The secret waiting list is kept separately in Health Administration Service (HAS) and supposedly accessed when a timely appointment becomes available.  The patient is then contacted and new entries made into the electronic Scheduling Package that shows the timeliness standard was achieved.

This way the data confirmed that the patient was scheduled and seen within VHA Timeliness Standards even though the patient may have waited many months over the standard for the appointment.

The plot was designed to cheat and capture data in VA’s electronic Scheduling Package that reflected favorably on the VAMC. 

Manipulated data was captured and the erroneous information was batched and sent forward up the chain of command for review.

After a period of time, the falsification of timeliness data would then erroneously display a VAMC success story with markedly improved timeliness and service to veterans.

This planned scheme was designed to knowingly trick, deceive, and defraud the system and led to outcomes that included fatalities that could have been preventable deaths.

WHY WERE THESE SECRET WAITING LISTS CREATED AT PHOENIX VAMC?
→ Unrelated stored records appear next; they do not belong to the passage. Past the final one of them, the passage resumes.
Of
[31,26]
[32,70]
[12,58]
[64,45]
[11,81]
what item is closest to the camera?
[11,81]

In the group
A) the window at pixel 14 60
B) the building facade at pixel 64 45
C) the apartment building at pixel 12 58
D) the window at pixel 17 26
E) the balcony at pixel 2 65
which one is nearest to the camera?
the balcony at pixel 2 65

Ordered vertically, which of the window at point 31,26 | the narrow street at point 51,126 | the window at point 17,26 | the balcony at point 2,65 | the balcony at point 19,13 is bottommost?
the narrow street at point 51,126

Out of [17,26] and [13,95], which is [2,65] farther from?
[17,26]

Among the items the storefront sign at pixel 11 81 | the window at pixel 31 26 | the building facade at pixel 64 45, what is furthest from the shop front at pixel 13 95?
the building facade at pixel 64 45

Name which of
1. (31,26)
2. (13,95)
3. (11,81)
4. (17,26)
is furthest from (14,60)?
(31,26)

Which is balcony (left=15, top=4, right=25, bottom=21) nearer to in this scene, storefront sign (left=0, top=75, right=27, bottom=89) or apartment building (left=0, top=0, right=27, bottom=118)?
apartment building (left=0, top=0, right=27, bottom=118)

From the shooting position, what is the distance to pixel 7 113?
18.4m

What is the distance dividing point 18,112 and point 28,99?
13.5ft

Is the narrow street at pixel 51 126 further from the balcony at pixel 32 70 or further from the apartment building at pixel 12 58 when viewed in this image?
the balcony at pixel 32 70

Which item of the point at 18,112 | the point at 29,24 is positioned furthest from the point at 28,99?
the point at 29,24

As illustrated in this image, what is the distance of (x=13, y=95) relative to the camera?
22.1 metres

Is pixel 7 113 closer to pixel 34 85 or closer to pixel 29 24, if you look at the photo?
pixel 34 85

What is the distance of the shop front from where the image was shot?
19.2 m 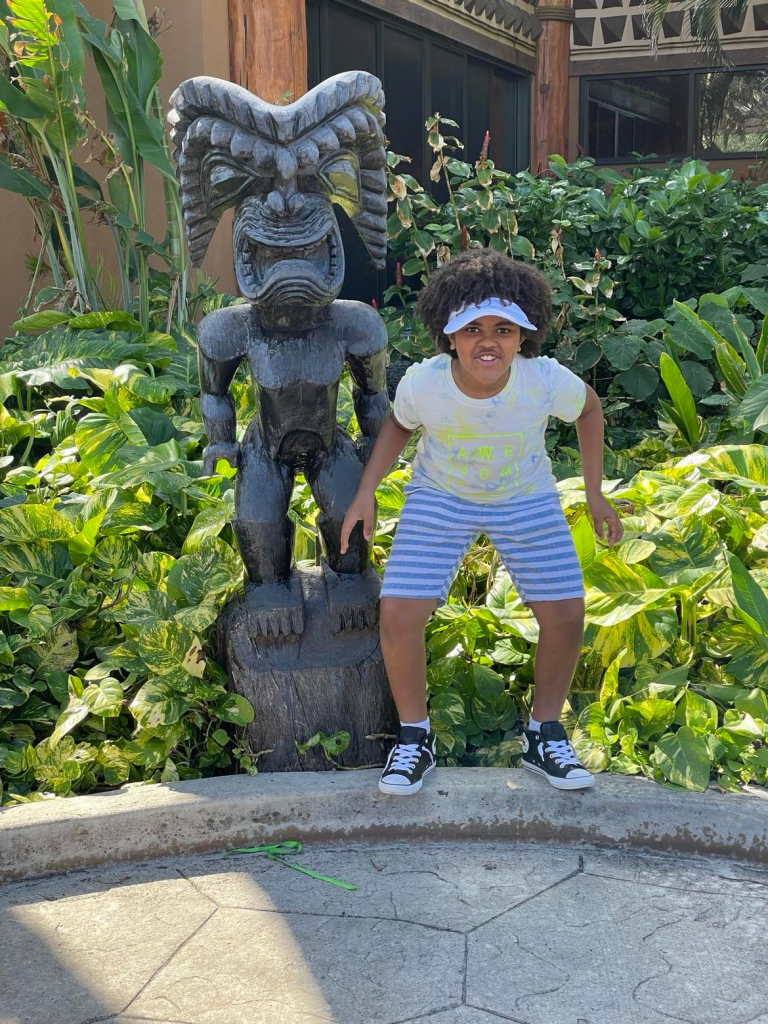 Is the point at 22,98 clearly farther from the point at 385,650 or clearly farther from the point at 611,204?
the point at 385,650

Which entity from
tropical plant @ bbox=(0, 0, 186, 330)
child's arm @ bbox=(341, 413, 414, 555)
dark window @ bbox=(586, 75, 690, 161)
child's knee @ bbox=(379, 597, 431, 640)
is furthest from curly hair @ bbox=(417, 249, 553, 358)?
dark window @ bbox=(586, 75, 690, 161)

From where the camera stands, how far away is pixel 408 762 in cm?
243

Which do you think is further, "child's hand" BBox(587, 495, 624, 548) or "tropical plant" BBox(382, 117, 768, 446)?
"tropical plant" BBox(382, 117, 768, 446)

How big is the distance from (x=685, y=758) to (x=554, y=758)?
12.0 inches

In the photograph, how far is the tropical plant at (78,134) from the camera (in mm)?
4828

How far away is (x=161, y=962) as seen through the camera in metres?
1.91

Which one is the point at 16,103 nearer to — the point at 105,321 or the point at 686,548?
the point at 105,321

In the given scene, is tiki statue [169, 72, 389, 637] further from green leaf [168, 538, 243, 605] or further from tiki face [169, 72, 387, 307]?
green leaf [168, 538, 243, 605]

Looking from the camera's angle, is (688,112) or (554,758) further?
(688,112)

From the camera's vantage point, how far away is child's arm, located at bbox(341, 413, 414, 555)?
8.13 ft

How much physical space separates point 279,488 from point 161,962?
1.13 meters

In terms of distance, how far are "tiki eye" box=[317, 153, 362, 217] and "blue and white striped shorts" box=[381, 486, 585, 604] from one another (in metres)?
0.73

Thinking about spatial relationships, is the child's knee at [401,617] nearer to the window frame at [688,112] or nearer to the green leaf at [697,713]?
the green leaf at [697,713]

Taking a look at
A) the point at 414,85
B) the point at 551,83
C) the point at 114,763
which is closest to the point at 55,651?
the point at 114,763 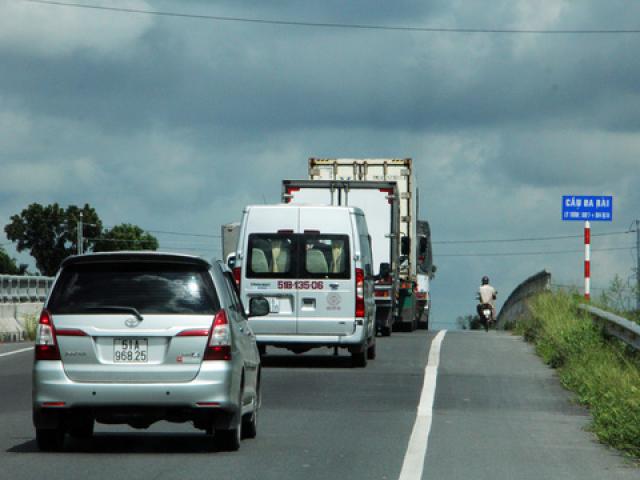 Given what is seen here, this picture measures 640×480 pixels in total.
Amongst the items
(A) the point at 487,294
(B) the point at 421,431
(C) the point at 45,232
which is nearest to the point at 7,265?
(C) the point at 45,232

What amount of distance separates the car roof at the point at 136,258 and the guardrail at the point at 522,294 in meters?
22.6

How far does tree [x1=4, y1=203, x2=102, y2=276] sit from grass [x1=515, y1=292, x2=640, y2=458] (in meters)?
108

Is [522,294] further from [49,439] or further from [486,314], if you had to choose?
[49,439]

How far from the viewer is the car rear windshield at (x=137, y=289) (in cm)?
1166

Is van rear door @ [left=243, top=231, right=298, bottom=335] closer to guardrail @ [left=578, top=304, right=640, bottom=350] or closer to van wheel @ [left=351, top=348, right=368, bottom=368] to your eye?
van wheel @ [left=351, top=348, right=368, bottom=368]

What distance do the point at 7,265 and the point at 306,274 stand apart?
12512cm

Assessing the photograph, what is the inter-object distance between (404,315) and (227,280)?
23.3 m

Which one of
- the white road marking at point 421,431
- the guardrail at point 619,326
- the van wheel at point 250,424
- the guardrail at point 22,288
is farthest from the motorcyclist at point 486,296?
the van wheel at point 250,424

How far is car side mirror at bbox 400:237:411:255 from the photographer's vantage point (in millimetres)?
33000

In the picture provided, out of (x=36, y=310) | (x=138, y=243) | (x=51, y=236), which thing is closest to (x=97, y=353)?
(x=36, y=310)

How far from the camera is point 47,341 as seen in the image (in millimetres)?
11609

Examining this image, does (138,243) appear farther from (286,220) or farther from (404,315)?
(286,220)

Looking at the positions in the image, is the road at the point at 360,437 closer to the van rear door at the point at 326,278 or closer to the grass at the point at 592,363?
the grass at the point at 592,363

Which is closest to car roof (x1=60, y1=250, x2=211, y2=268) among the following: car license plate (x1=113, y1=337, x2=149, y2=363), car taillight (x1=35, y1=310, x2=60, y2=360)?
car taillight (x1=35, y1=310, x2=60, y2=360) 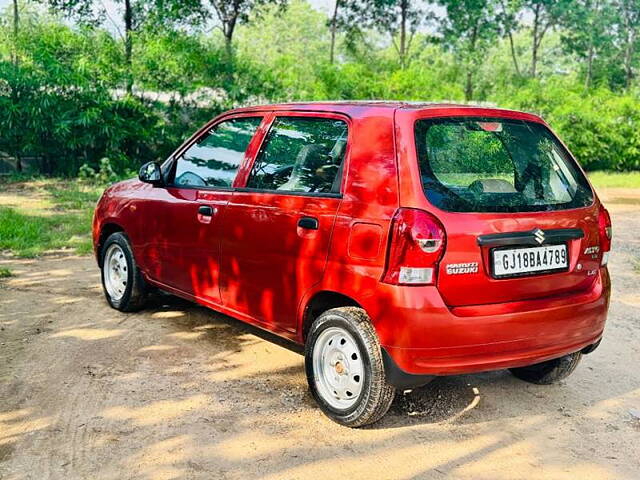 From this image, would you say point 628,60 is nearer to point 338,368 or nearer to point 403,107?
point 403,107

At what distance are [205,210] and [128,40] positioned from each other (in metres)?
11.4

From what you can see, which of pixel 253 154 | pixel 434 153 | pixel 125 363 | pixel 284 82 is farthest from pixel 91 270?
pixel 284 82

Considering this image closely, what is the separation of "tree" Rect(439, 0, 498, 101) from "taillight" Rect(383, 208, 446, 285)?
21.7m

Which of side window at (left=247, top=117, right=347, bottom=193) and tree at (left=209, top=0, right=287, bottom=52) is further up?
tree at (left=209, top=0, right=287, bottom=52)

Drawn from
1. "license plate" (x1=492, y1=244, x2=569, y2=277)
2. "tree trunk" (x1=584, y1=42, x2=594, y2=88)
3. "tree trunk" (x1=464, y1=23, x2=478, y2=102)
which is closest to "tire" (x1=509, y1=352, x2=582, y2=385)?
"license plate" (x1=492, y1=244, x2=569, y2=277)

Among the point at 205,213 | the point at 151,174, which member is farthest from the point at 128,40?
the point at 205,213

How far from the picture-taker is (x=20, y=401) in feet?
14.1

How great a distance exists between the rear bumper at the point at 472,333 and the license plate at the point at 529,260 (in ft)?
0.55

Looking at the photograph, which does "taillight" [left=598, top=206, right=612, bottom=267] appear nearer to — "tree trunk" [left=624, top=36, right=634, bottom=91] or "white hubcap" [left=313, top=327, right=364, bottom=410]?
"white hubcap" [left=313, top=327, right=364, bottom=410]

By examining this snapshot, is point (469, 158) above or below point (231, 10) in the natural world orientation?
below

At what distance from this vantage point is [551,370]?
4.74 metres

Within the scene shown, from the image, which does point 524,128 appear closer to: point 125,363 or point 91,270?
point 125,363

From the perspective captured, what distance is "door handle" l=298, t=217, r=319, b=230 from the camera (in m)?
4.16

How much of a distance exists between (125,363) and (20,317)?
4.90ft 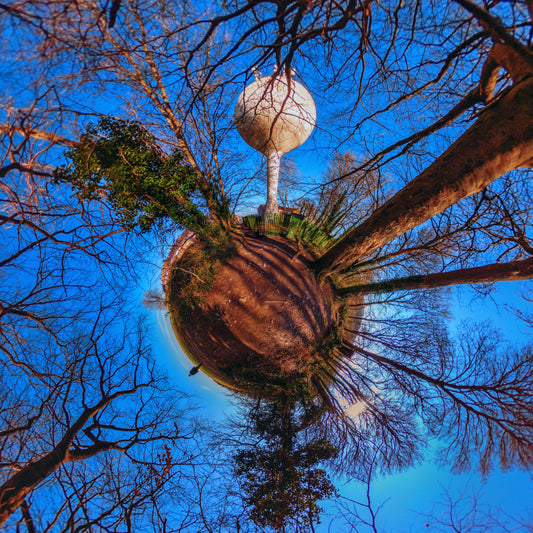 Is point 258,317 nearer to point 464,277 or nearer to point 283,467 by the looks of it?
point 283,467

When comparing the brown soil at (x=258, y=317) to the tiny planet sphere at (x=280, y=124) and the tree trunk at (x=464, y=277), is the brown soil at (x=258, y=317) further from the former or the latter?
the tiny planet sphere at (x=280, y=124)

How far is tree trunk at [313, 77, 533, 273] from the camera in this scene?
107 inches

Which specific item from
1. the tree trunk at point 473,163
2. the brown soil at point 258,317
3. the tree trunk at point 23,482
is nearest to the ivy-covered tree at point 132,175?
the brown soil at point 258,317

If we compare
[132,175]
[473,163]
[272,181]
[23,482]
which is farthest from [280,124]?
[23,482]

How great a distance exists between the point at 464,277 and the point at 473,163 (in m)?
2.28

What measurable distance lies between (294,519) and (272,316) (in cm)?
337

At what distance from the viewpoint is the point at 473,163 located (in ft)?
9.89

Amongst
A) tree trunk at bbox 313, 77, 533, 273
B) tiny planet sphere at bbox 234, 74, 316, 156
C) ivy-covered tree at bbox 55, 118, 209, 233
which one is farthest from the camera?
tiny planet sphere at bbox 234, 74, 316, 156

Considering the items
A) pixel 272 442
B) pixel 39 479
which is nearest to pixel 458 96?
pixel 272 442

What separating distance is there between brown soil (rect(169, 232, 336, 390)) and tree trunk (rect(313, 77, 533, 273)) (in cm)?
178

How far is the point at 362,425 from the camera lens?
5.92 metres

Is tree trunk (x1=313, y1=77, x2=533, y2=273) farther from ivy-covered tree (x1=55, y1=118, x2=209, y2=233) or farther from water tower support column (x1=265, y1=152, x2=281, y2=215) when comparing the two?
water tower support column (x1=265, y1=152, x2=281, y2=215)

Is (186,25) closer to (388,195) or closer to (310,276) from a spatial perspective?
(310,276)

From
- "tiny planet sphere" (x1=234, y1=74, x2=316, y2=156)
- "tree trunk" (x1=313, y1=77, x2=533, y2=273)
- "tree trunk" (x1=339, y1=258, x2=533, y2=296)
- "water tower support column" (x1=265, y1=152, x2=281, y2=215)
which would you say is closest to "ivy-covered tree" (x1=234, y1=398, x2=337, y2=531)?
"tree trunk" (x1=339, y1=258, x2=533, y2=296)
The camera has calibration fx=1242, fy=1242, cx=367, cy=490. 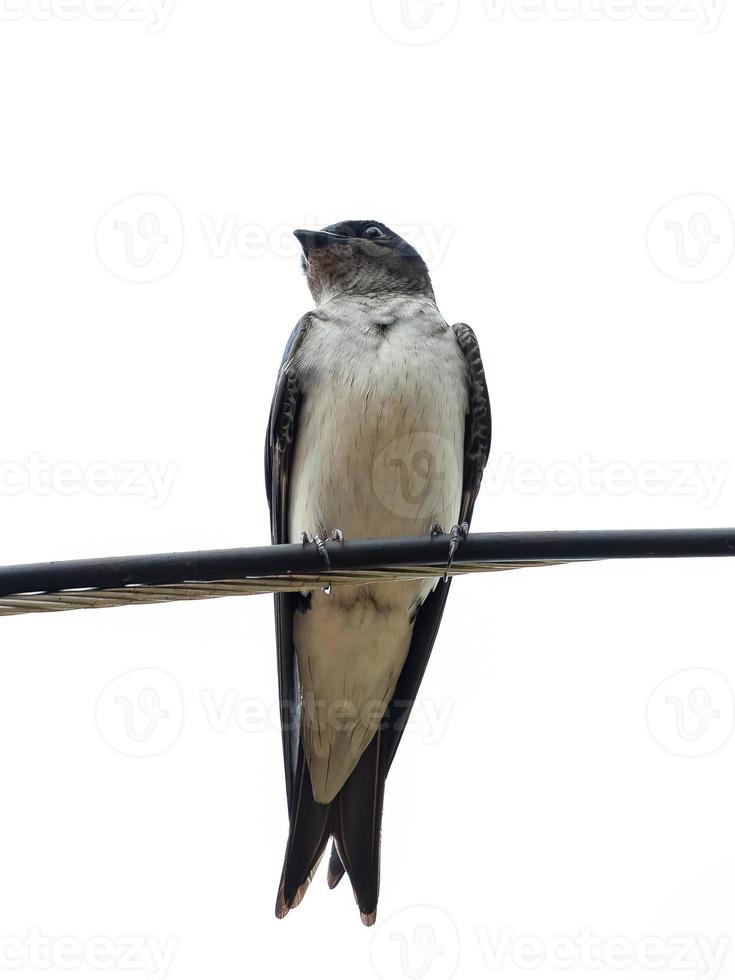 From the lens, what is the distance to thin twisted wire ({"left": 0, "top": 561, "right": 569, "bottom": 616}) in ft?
11.8

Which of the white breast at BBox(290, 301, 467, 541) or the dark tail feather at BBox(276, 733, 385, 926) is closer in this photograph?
the white breast at BBox(290, 301, 467, 541)

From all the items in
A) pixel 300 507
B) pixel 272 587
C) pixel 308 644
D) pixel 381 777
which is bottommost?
pixel 381 777

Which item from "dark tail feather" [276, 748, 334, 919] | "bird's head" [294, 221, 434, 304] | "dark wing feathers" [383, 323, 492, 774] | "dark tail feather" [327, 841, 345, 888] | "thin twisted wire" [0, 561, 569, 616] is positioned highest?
"bird's head" [294, 221, 434, 304]

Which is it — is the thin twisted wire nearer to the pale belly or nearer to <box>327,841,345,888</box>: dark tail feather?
the pale belly

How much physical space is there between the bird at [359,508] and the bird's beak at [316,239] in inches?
18.7

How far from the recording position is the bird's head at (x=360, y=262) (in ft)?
24.0

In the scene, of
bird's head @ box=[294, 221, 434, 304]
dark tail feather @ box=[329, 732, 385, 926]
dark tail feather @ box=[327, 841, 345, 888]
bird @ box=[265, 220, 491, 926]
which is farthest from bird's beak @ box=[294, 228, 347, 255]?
dark tail feather @ box=[327, 841, 345, 888]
Reportedly, several years ago a surge of new patients and the departure of medical staff at PVAHCS led to significantly increasing time delays in providing health care to veterans.  In many cases, wait times for new patient primary care appointments exceeded 1 year, while referrals for specialty care often took months.

The outcome was quite predictable: the Phoenix VAMC Emergency Room was inundated with patients seeking urgent/emergent care as well as non life threatening events such as script refills and other assorted aliments because they could not be seen in the primary care setting.

Because veterans could not be seen in a timely manner and the authorized Electronic Waiting List would reveal these delays, an illegal “work-around” method was developed to hide real wait times and substitute counterfeit data that was put online.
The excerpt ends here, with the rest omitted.